How did we live without apps? They’ve embedded themselves into our lives so seamlessly, we’ve all forgotten what the non-word “apps” is short for, and we don’t even care!

(image from here)
And they’re not just for your iPhone, anymore! Google, Twitter & Facebook have ‘em, your printer has apps, your car’s dashboard probably has some apps.
(I looked in my purse, to see if there were any apps there. Sadly, the search turned up a piece of fruit leather, ca. 2002, and a Biore nose strip. {If I may go tangential, do they even make those things anymore?} But no apps. Maybe next year.)
4. Exclamation Points!

(image from here)
Because there is NO faster way to make someone feel like you are immediate best friends than the use of an exclamation point!

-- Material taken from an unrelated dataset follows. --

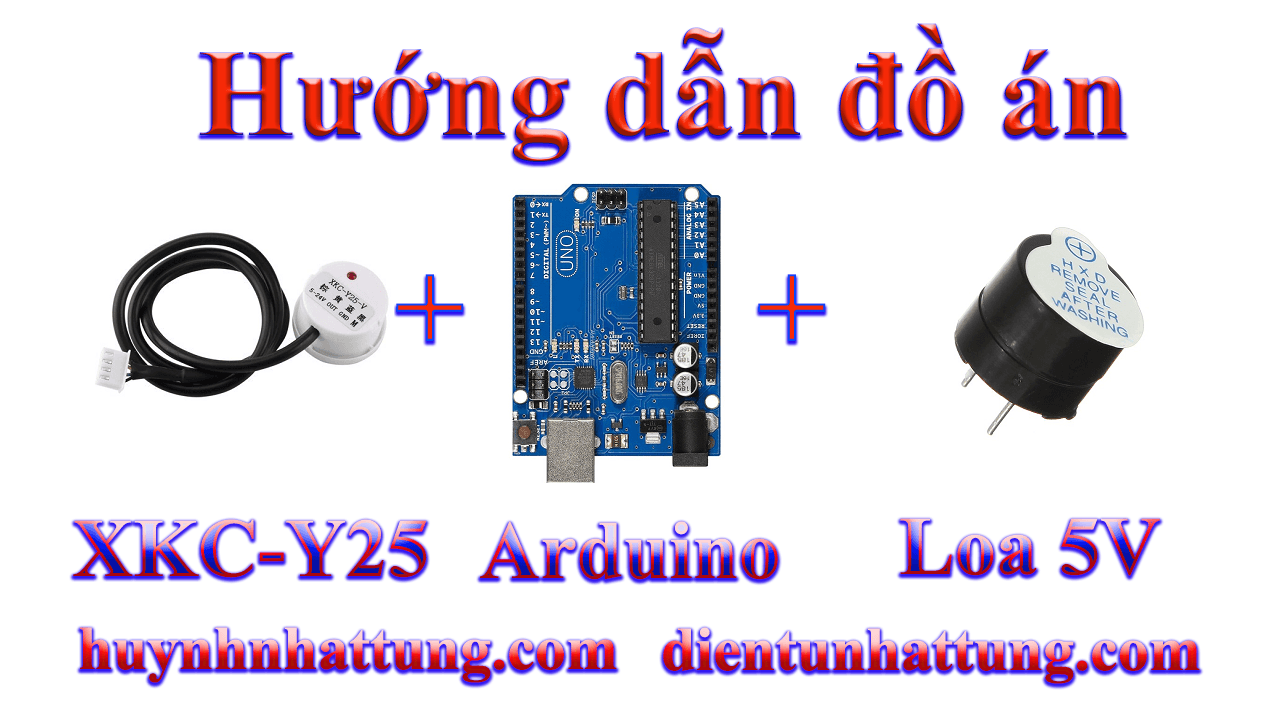 cam-bien-muc-nuoc-khong-tiep-xuc-xkc-y25-giao-tiep-arduino-kich-loa-canh-bao-3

For example, let’s say you read this in an email:
“I really love what you wore to the party.” And you’re like, “Is that bitch being sarcastic! That no-fashion-sense piece of trash dares to call me out…”
But if you read this:
“I really love what you wore to the party!” You’re all “Oh! Sometimes I forget how much I love Grandma!”
Plus? There’s no quicker way to make a person buy into your excitement! (It worked on you, didn’t it?)
5. Mom Jeans!
They were due for a comeback! Because more than enough time has gone by since the crew from West Beverly

(image from here)
beamed into our living rooms every Thursday night, in all their high-waisted glory, for this style to make a COMEBACK!!!

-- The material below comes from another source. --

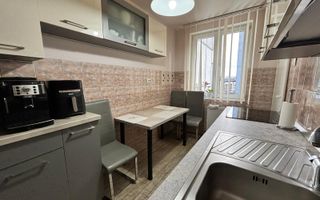 Apartament 2 camere | 54 MPU | Etaj 3 | Lift | Str Rahovei | hipodrom 3 - Poză 4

(OK, you caught me. I wanted this one to sneak through. Because I really, really need this trend to come around. You see, it’s winter here. Early. And I got so sick of bending over, in jeans with waist-lines designed for Teens Who Make Poor Fashion Choices, and feeling the cool, cool air caressing my lower torso/upper ass, that I succumbed. And bought a pair of Mom Jeans. Their waist? Sits at my waist. And I LOVE them. I’m never going back. So follow me or not. Whatever. At least elementary school children will no longer be scarred by the sight of me, in a short jacket, bending over to zip up winter boots. So I think I’ve made the world a slightly better place, don’t you?)

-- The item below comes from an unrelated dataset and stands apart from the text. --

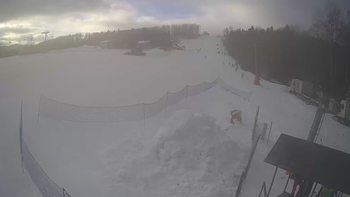 Буковиця 14 січня 2022 року, 2022-01-14 10:00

glad you’re posting again ginny – i missed you!
hey have you seen the new woody allen flick? It really sucks even with larry david in it
Nope. Heard it was ungood.
I loooove ‘Glee’
Mum jeans? (sorry Aussie in the comment box) We have a store called ‘Jeans West’ (do you guys have it?) and they have nice jeans with minimal butt cleavage, without making you look all bladder-busting in the front. Just thought I would share
http://www.jeanswest.com.au/store/Womens/Denim/Bootcut/stretch-bootcut-indigo-rinse.html
(if only my ass was this small)
Oh, I know I didn’t have to go Full Mom. But I felt like being extreme that day. There is a happy medium. Those jeans are so cute.
I like a woman who knows when the world doesn’t need to see her crack. I mean, I like a woman who knows when the world doesn’t need to see her crack! There are so many in the “never” category who don’t seem to know it and precious few in “anytime is fine.” That sounds quite superficial, sexist and judgemental but I’m going to go with it!
Benjamin C. Dover
Nope, not superficial, I agree completely.
Or maybe I’m just superficial, too.
Whatever.
the higher-rise jeans aren’t all that bad, are they? i thought that technically, so long as there is no elastic, they aren’t mom jeans? my butt crack is a ‘never, thank you very much’….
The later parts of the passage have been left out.